The Australian Taxation Office (ATO) has welcomed the release of the Australian National Audit Office’s (ANAO) performance audit, Tax Avoidance Taskforce – Meeting Budget Commitments, which has found that there has been a significant increase in compliance revenue since the commencement of the taskforce.
The audit focused on whether the taskforce has been resourced in accordance with budget estimates.
In publishing its findings, the ANAO said that it is not clear the extent to which the boost in compliance revenue is a result of budget measure resources provided for the taskforce.
ANAO explained that the ATO also had not implemented a methodology that accurately monitored taskforce resourcing, and as such can not conclusively demonstrate that the Tax Avoidance Taskforce has met the revenue and resourcing commitments set out in the 2016-17 budget.
The auditor expressed a preference for a distinct separation of taskforce funded positions and case work from existing ATO funded positions and case work.
Responding to its findings, the ATO opined that it would be counter-productive to set up two organisations doing the same work.
“Our approach has been to fully integrate taskforce funding into existing ATO programs. This reflects the design of the taskforce to expand upon existing programs and undertake new work programs rather than operate as a distinct, separate program within the ATO. It also provides the flexibility to allocate resources in response to changes in the taxpayer landscape,” said the Tax Office.
It argued that it has carefully “considered how to incorporate this large budget measure to deliver the best return on investment to the government and the Australian public”.
“We estimate the taskforce has generated around $7.9 billion in tax liabilities and $4.4 billion in cash collections so far,” the ATO said.
The ATO noted that the success of the taskforce is prompting large multinationals, public and private groups to proactively manage and prevent tax risks in their business by adopting robust tax governance arrangements through early and open engagement with the ATO.
“The success of the taskforce is the result of a combined effort across various business areas of the ATO to tackle tax avoidance. This funding has enhanced and extended existing compliance activities targeting large multinationals and high wealth individuals,” it said.

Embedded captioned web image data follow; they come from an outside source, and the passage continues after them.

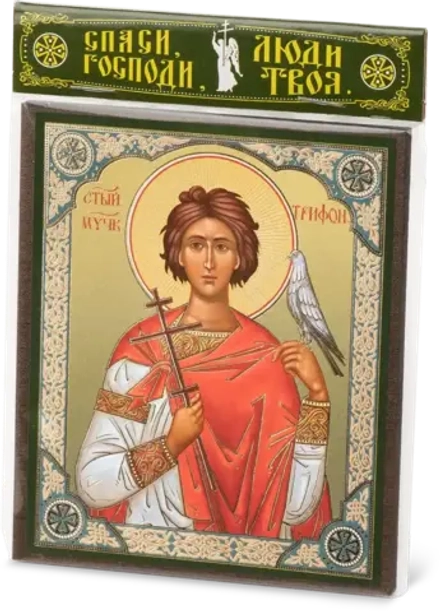 Икона "Трифон Апамейский" 10х12 на МДФ-6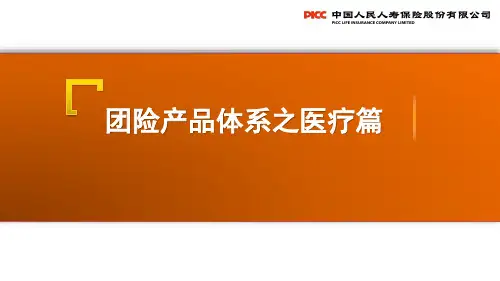 个险团险渠道新人岗前培训之团险产品体系之医疗篇(2017版)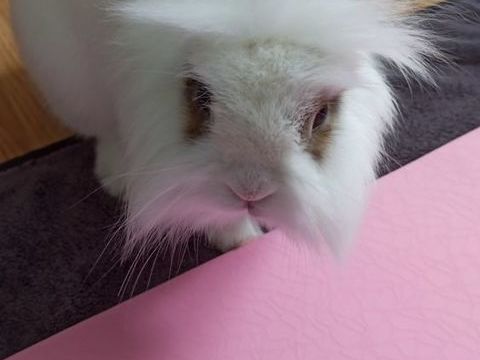 Donne lapin contre bons soins 0 12200 Villefranche-de-rouergue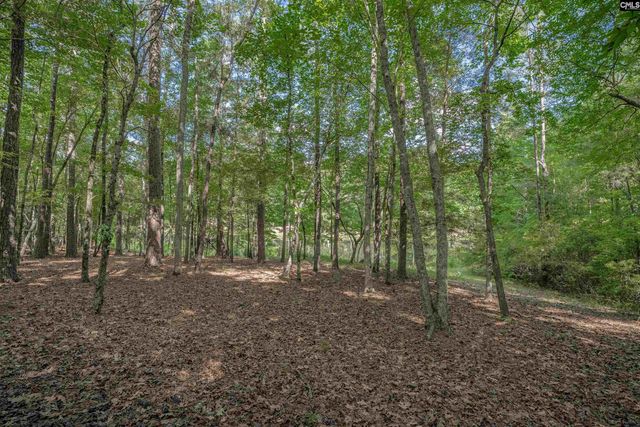 217 Ashley Oaks Drive, Blythewood, SC 29016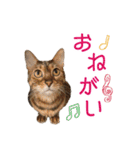 猫カフェにあにゃあ全猫ちゃんスタンプ（個別スタンプ：10）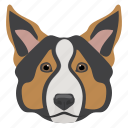 chihuahua, companion dog, dog, domestic animal, smallest dog
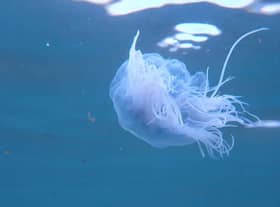 Sam Jeffries Petrie snapped a series of images of jellyfish while swimming off Seaburn.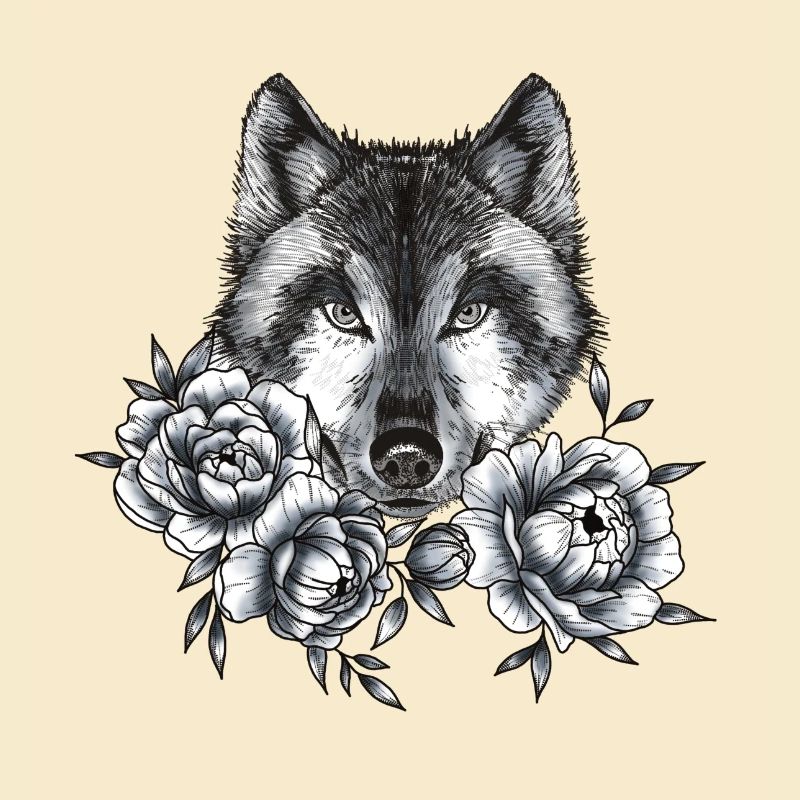 Wolf und Pfingstrosen
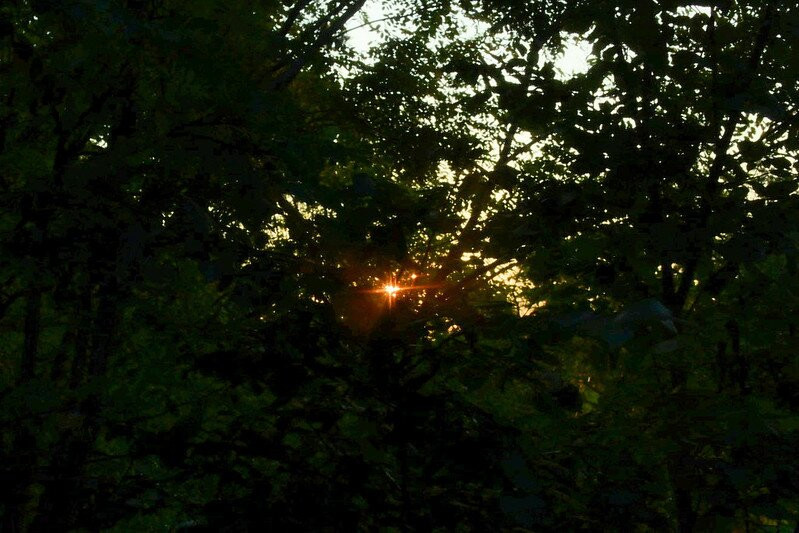 The Garden Inn主图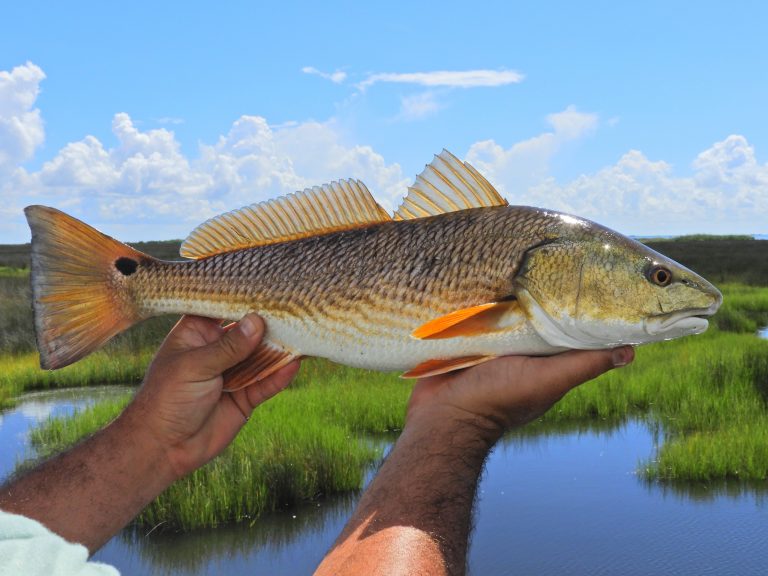 Summer Redfishing….How To Pick the Hot Spots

“The collective and integrated approach taken by the ATO is validated by the outstanding success of the initiative.”
Despite not agreeing with all of ANAO's findings, the Tax Office has agreed to some of its recommendations and is set to further examine the conclusions with the aim of incorporating the suggestions it believes appropriate into future improvements to its programs.
Recommendation number 1
In proposals for specific budget funding of compliance activities, the Australian Taxation Office documents:
- the source and basis of each assumption used in the resourcing and revenue models;
- how it will monitor and report actual resourcing and revenue associated with the funding measure; and
- either the pre-existing levels of resourcing and revenue related to the measure, or why it is not feasible to provide these levels.
Australian Taxation Office response: Agree with (a); Disagree with (b) and (c).
Recommendation number 2
The Australian Taxation Office develops a framework or set of principles to support accurate monitoring of actual costs and revenues of compliance measures, consistent with the measure’s proposals.
Australian Taxation Office response: Agree.